Gito

Escrito por David Bamo

Gito,

Eu não te escrevi antes por duas razões. Primeiro por negligência, sempre adiei esta missiva. Confesso-te: sinceramente desconheço o motivo; Outrossim, objectivamente, não te escrevi porque antes do isolamento social tinha a ilusão de que o tempo era precioso. E hoje, em quarentena obrigatória, vejo que a vida é sobre gastar tempo. Contemplar a ternura “desta causa perdida”, como diria o meu António Abujamra.

Hoje estive a lavar a memória, ouvindo os álbuns “Ekaya”, “Na ku Randza” e os “Tananas” para tentar compreender esta fusão que fizeste de tristeza e alegria, que se encontram para me tirar e me devolver a paz. Essas tuas melodias cheias de ti, Gito, me fazem crer que a música é definitivamente uma arte da incerteza. Não sei o que sinto.

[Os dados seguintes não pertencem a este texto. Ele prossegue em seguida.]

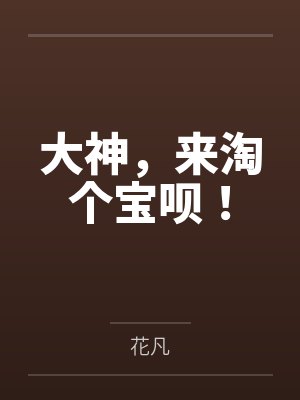 小凤凰他又在找爹封面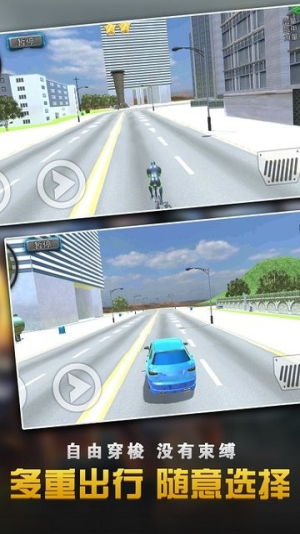 蜘蛛侠大战绳索英雄城市守护神v1.7.4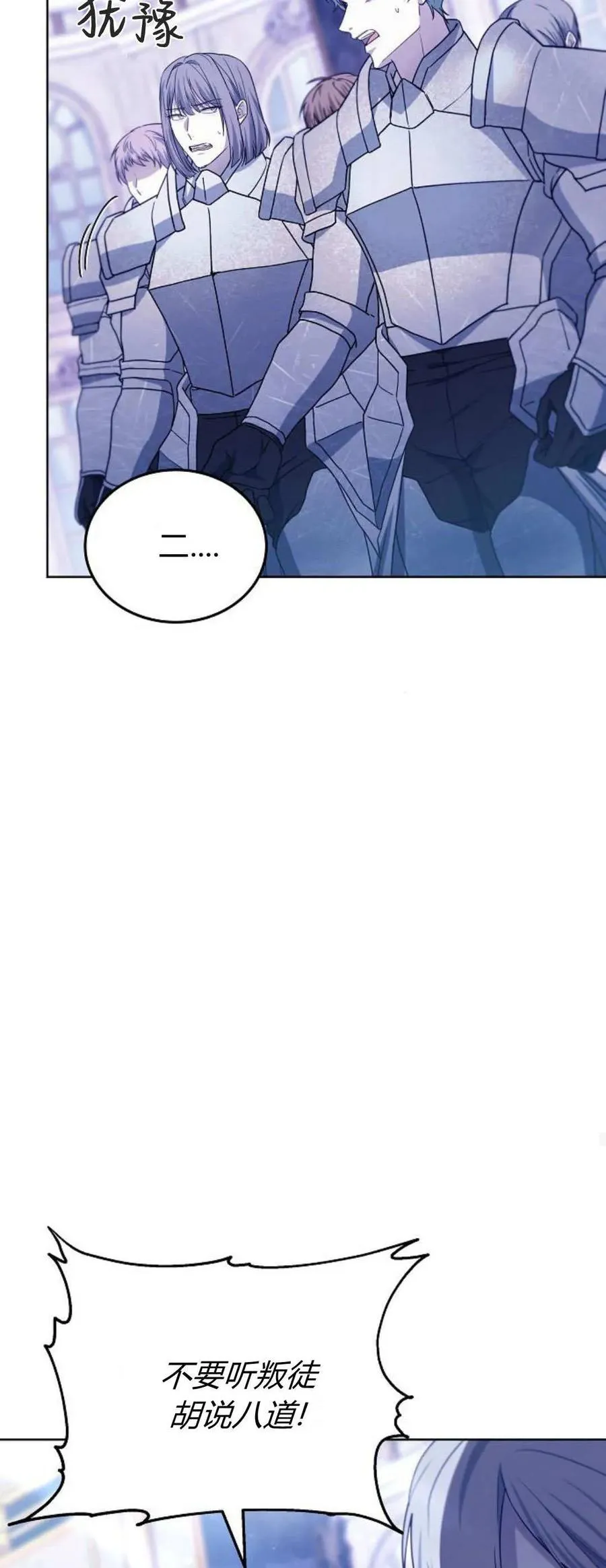 第68话57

Vejo-te incorporado na cultura árabe, espalhando a tua voz cheia de incenso, o que me lembra o meu pai. O Maurício. Eu nunca tinha visto o meu ente entre as melodias de uma música. Isto devolve-me a infância, leva-me às ruas de Hulene. Vejo rapazes que atravessaram a fronteira ilegalmente e nunca mais voltaram. Uns casaram-se por lá, outros tiveram um fim igual ao teu: baleados nas ruas da “Djone”.

E tudo isto faz sentido, pois ouvir-te na frondosa árvore de Jamboleiro da casa do meu pai, ressuscita os meus ancestrais que ainda me protegem e guiam. Ekaya. Onde reside a minha essência, onde tudo o que sou quanto matéria termina e fico de facto eu, a substância. Filho de alguém e membro de uma família. Aquilo que chamamos “Xilhambetwana”. Ou a força motriz da minha espinha-dorsal. Ekaya.

Entendo as razões que te levaram a partir para outros lugares. Explicaste-me na música “Fambaka”, que tanto celebrei e chorei. Pois esta canção é tudo o que não sou, e é também tudo que não tenho. Não te vou interpretar, não quero cair nos clichês que abundam por estas bandas. É tanta gente a querer adjetivar tudo, Gito. Todos querem opinar e ninguém quer se informar. Mas deixemos essa conversa para uma outra missiva. Ali ofereceste um outro som ao meu mundo, atribuíste uma trilha ao filme da minha vida. Os artistas são mesmo generosos…

Com os Tananas me ensinaste o valor da partilha. Foi quando entendi que a arte é também um lugar puro. Te deixavas levar pela música. Cantavas por amor ao teu trabalho, Gito.

E num dia como hoje, cinzento, tiraram-te a vida, privaram-me de outras criações tuas. E o que resta, num dia como hoje, são as memórias, que jamais perecem.